The campaign on Sunday released a breakdown of how it got to the $5 trillion number. It counted $2.5 trillion from Romney's plan to lower rates by 20 percent across the board. It included $1.1 trillion from a corporate tax cut, and $150 billion from a repeal of the estate tax, among other things.
"Even the studies that Romney has cited to claim his plan adds up still show he would need to raise middle class taxes," the campaign said in a statement -- claiming Princeton economist Harvey Rosen found "paying for Romney's tax cuts would require large tax increases on families making between $100,000 and $200,000."
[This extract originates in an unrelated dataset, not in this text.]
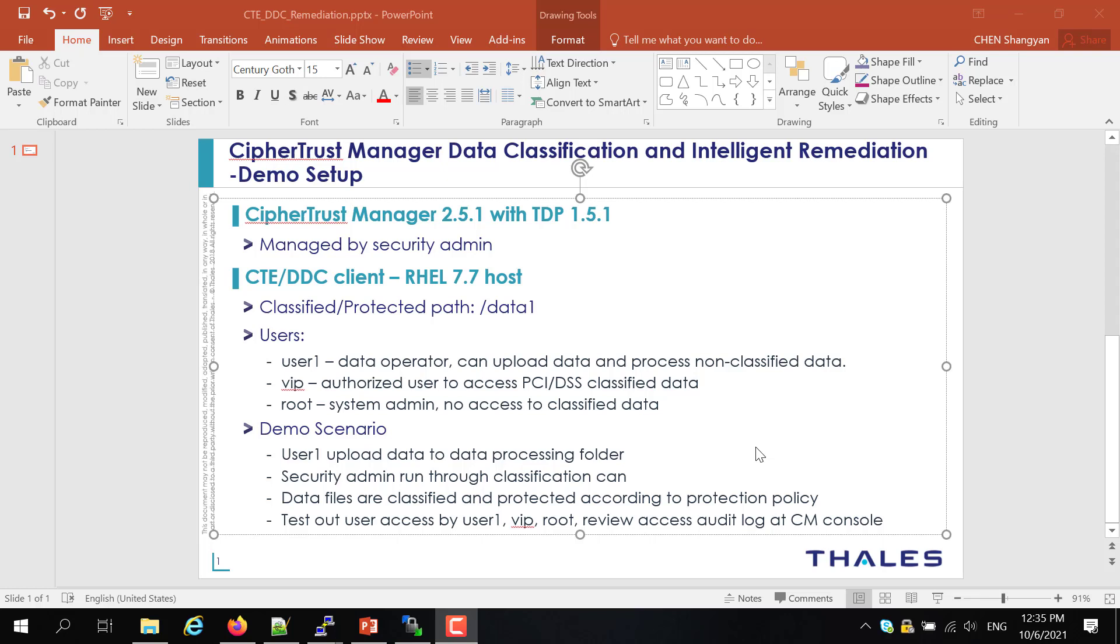Alright, so today I will run through another quick demo of CipherTrust Manager data classification and remediation. Data classification is a feature that we released last year to discover and classify data based on different profiles, and intelligent remediation is a feature we added this year to enhance the capability to let customers not just classify the data and understand what they have, but also assign the protection policy accordingly.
Rosen, though, told The Weekly Standard
that he "can't tell exactly how the Obama campaign reached that characterization of my work."
His study took into account "additional income" that could be generated by economic growth under the plan. Rosen wrote in the study that "under plausible assumptions," a Romney-style proposal "can both be revenue neutral and keep the net tax burden on high-income individuals about the same. That is, an increase in the tax burden on lower and middle income individuals is not required in order to make the overall plan revenue neutral."
The Obama campaign's math also includes corporate tax cuts -- though Obama, too, has called for a corporate tax cut. The major difference between them is just that Obama wants to bring the top rate from 35 to 28 percent, while Romney wants to bring it to 25 percent.